Carefully researched and exclusively based on historical documents, this novel won Maria Bellonci the renowned Viareggio Prize for Italian Literature in 1939, the year of its publication. The daughter of Pope Alexander IV and the sister of Cesare, Lucrezia Borgia is generally associated with the cruelties, unbridled passions and treacherous plots for which her controversial family is known. Challenging the common assumptions surrounding her figure, Bellonci interlaces strict factual reconstruction with a story of sentiments, depicting Lucrezia Borgia as a passionate, contradictory and complex woman moving among the intrigues and ploys of the papal court in Renaissance Rome.

Maria Bellonci | © Marisa Rastellini / Mondadori / Getty Images

‘The Public Image’ by Muriel Spark (1968)

Published in 1968 and shortlisted for the Booker Prize the following year, The Public Image is one of a long list of novels by Dame Muriel Spark. The book tells of Annabel Christopher, a glamorous actor adored by her public, who has just moved to Rome with her husband Frederick and her baby son Carl. In a shimmering show-business atmosphere, Spark gracefully reveals the duplicity of her characters and exposes the strains behind a celebrity-obsessed culture in the figure of her protagonist. The public image of Annabel must be glittery and perfect, attentively cultivated to the smallest detail, including her family – only the reality of her life does not look as smooth as its gleaming surface.

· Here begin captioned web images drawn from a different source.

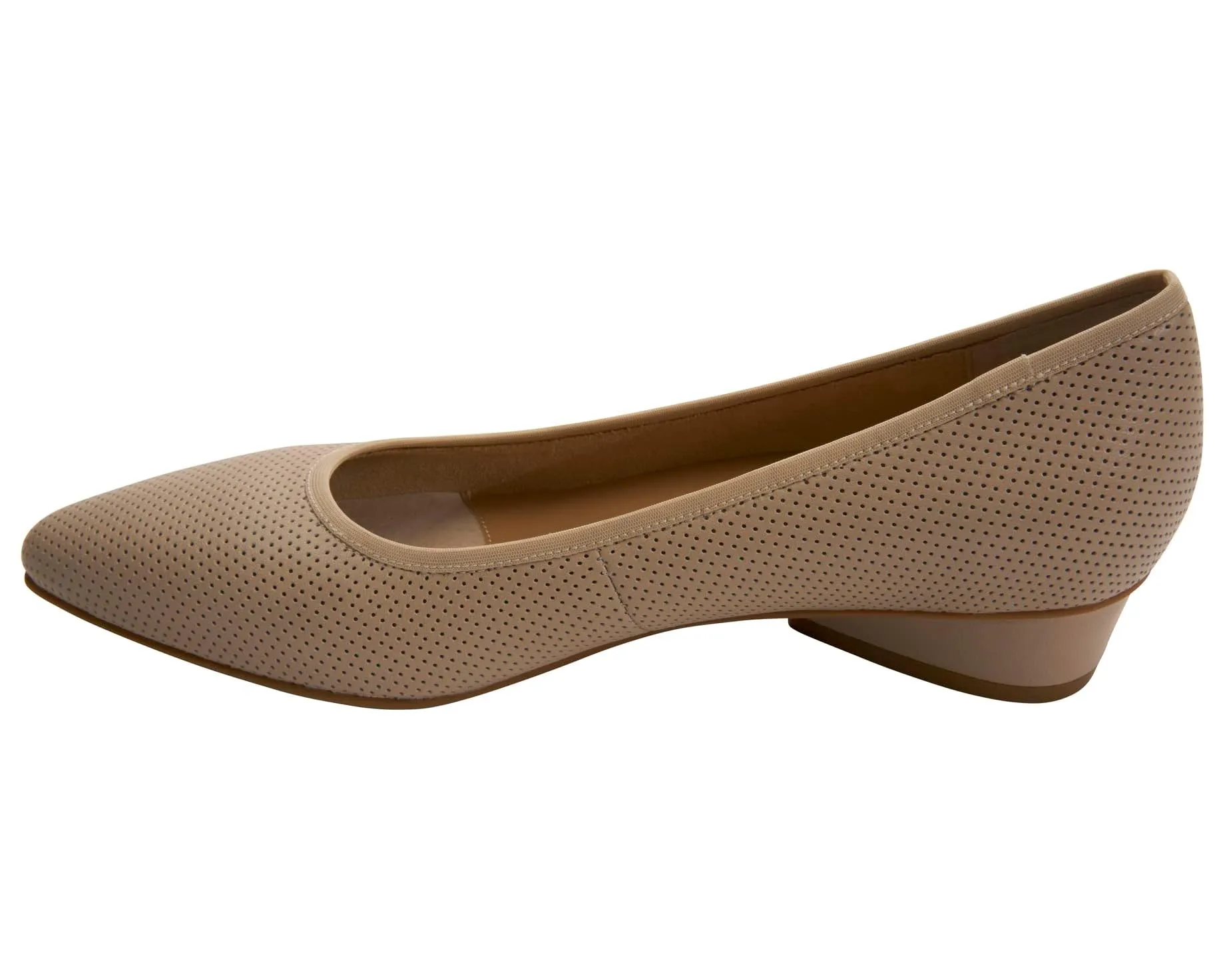 WOMEN'S VANELI FAUNUS | SOFT BEIGE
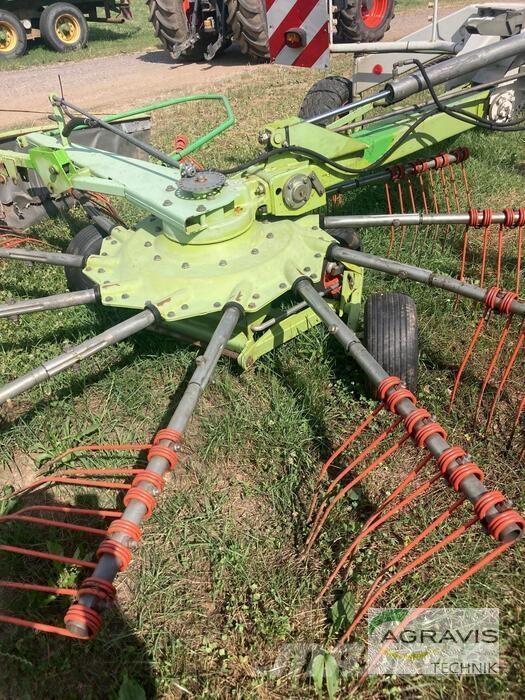 CLAAS LINER 1550 TWIN Vaalutid ja kaarutid
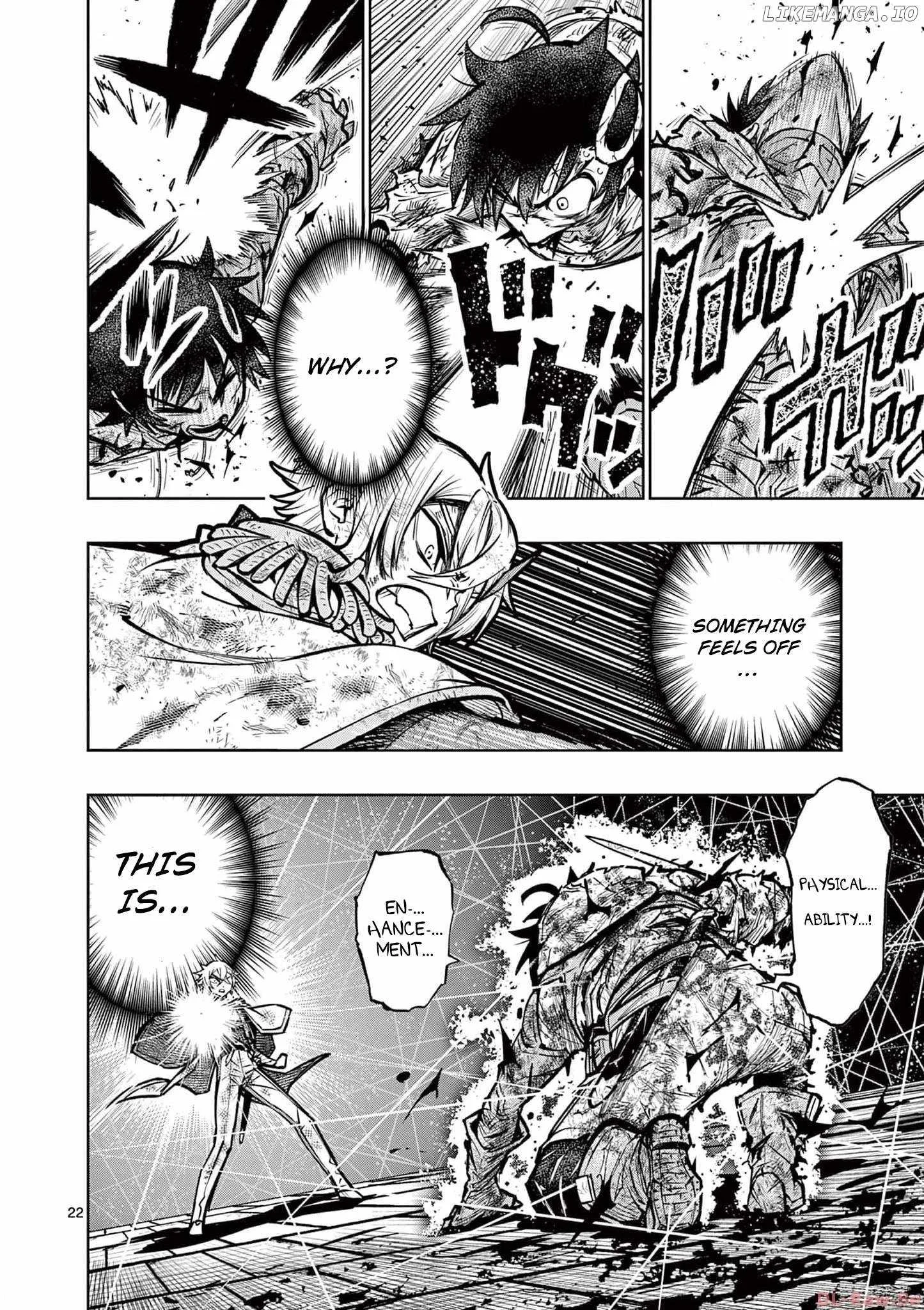 The Strongest Female Masters, Who Are Trying to Raise Me Up, Are in Shambles Over Their Training Policy Chapter 36 page 22
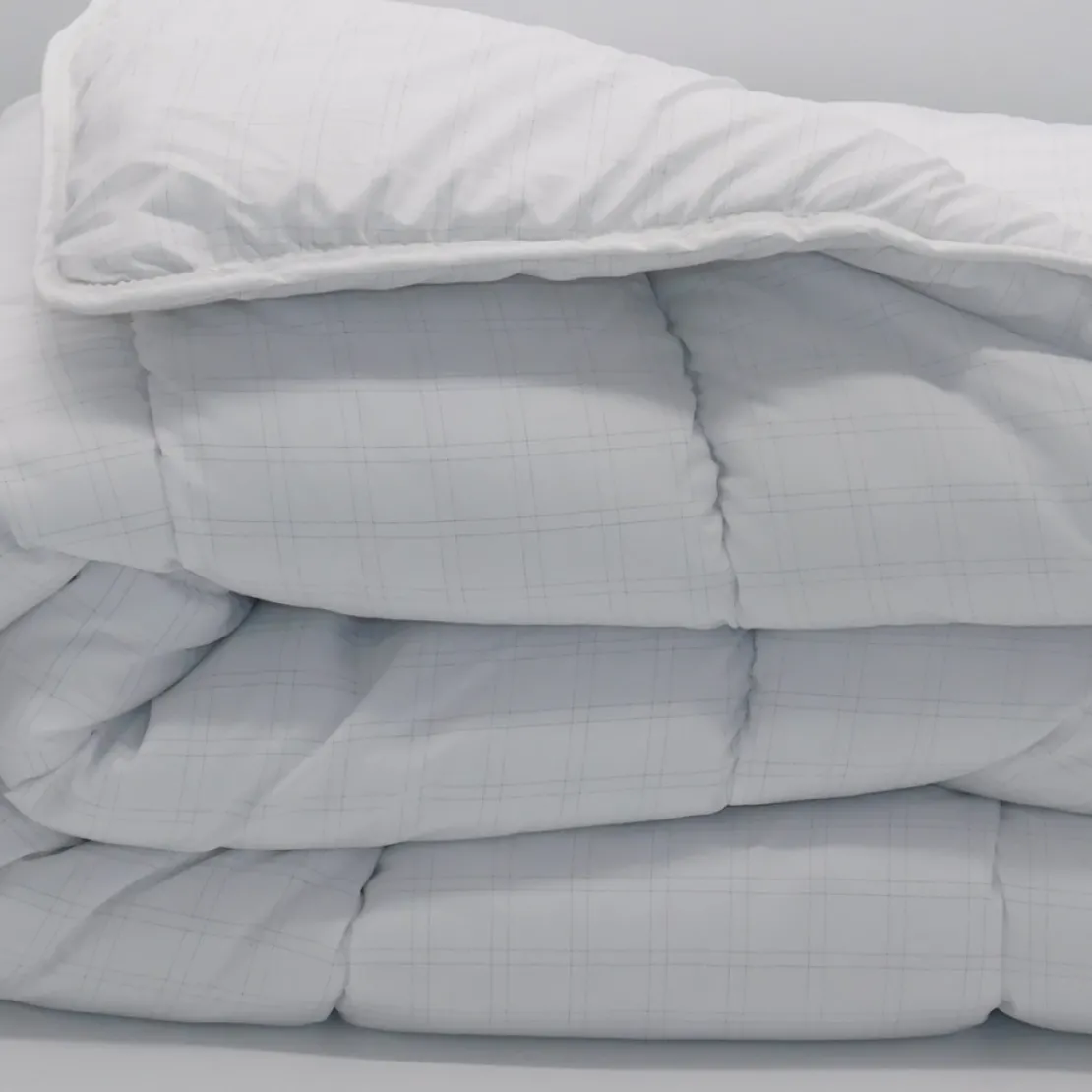 SeleniaCouette Chaude Maxi Protect (anti-acariens, anti-tâche, relaxante et climatisée)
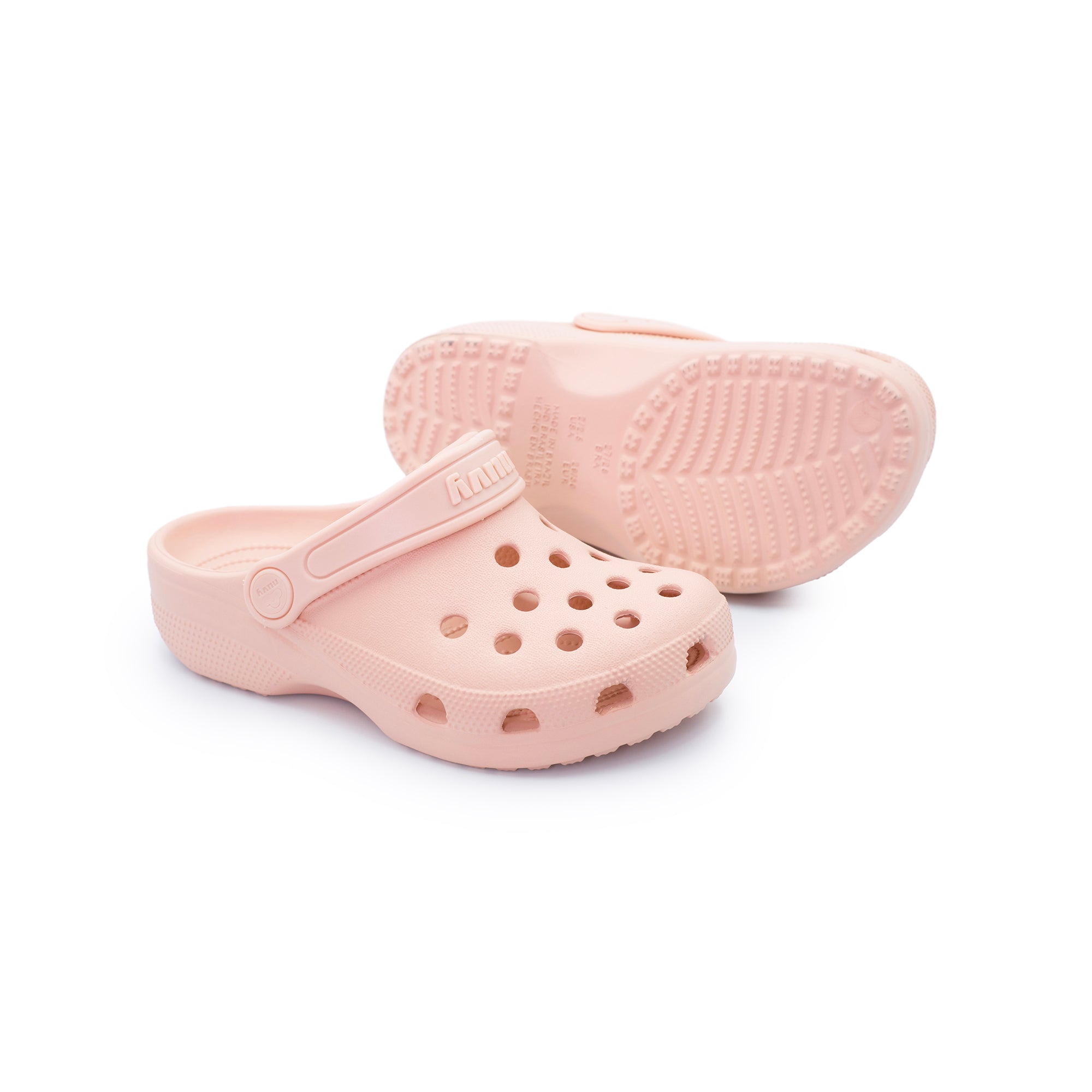 NUVY FLOOO BASIC BLUSH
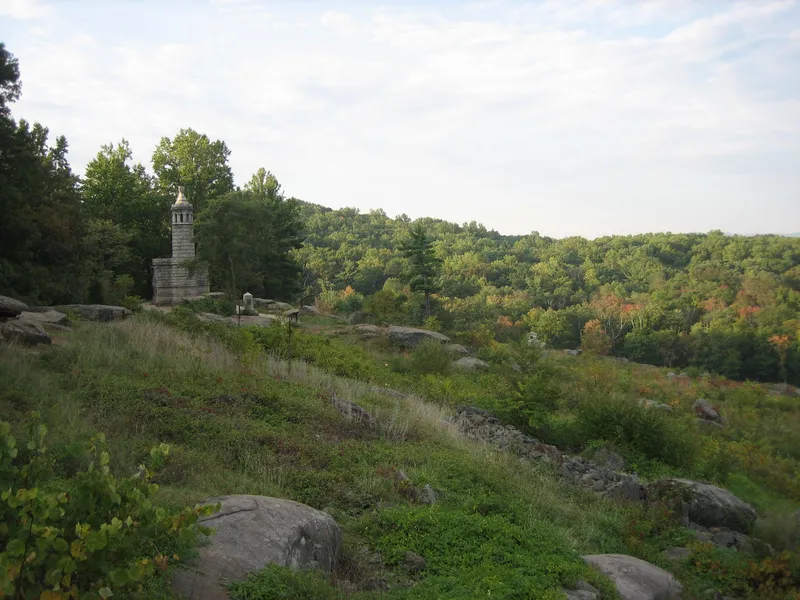 Little Round Top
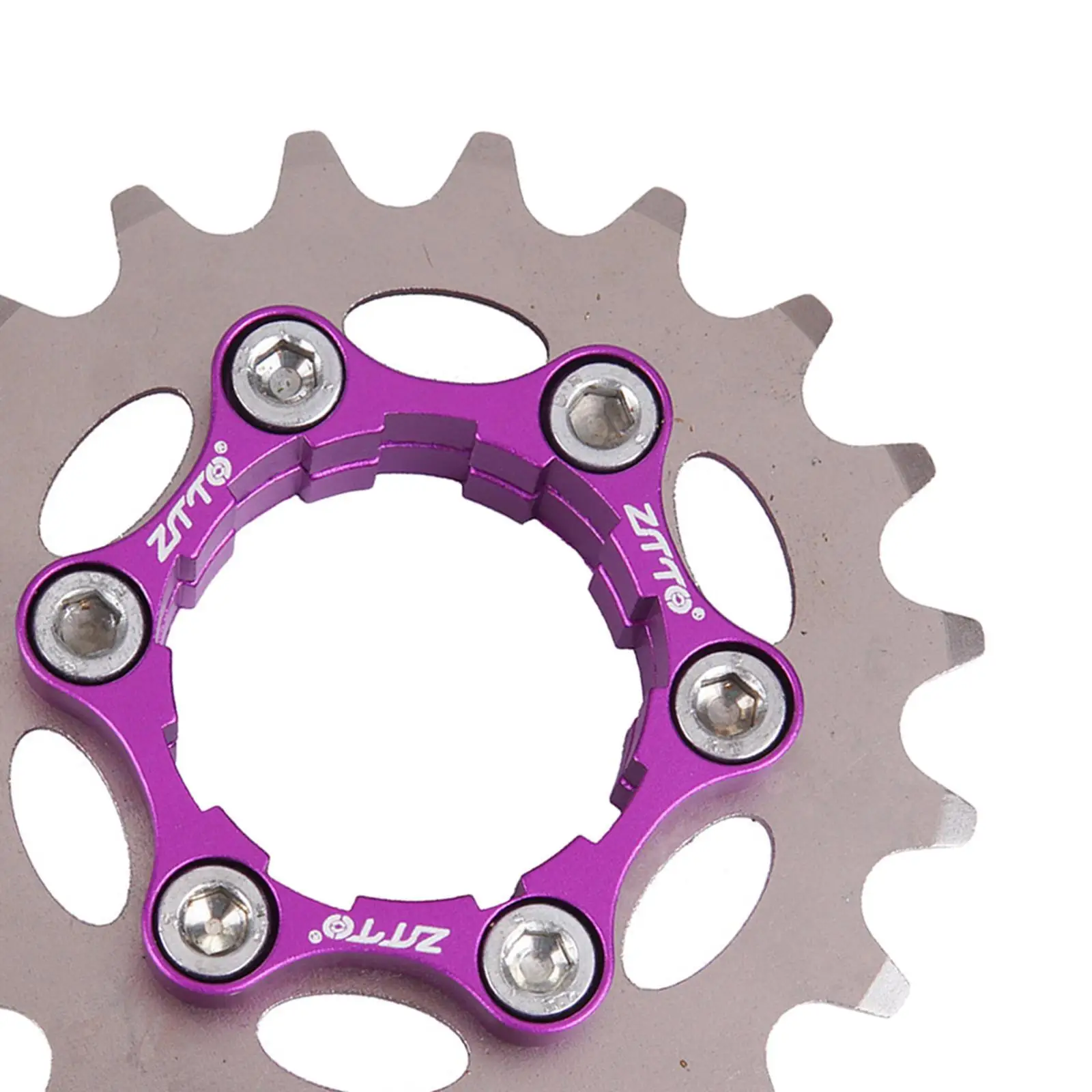 Набор для переоборудования кассеты MTB Single 1 Speed Cog Fixed Gear для 10 11s Hub 17T
Набор для переоборудования кассеты MTB Single 1 Speed Cog Fixed Gear для 10 11s Hub 17T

Muriel Spark | © Ulf Andersen / Getty Images

‘The Marble Faun’ by Nathaniel Hawthorne (1859)

Hawthorne’s last finished novel, The Marble Faun, was inspired by the statue the Faun of Praxiteles, which the author had seen during his stay in Italy in the late 1850s. The book was often enjoyed by Victorian tourists as a guide to the Eternal City, as it centres on the time spent in Rome by three American artists and their faun-like Italian friend Donatello. In a richly symbolic novel, the characters find their lives thrown into disarray as a murder irrevocably entangles their existences, forcing them to confront the most awful effects of human impulse.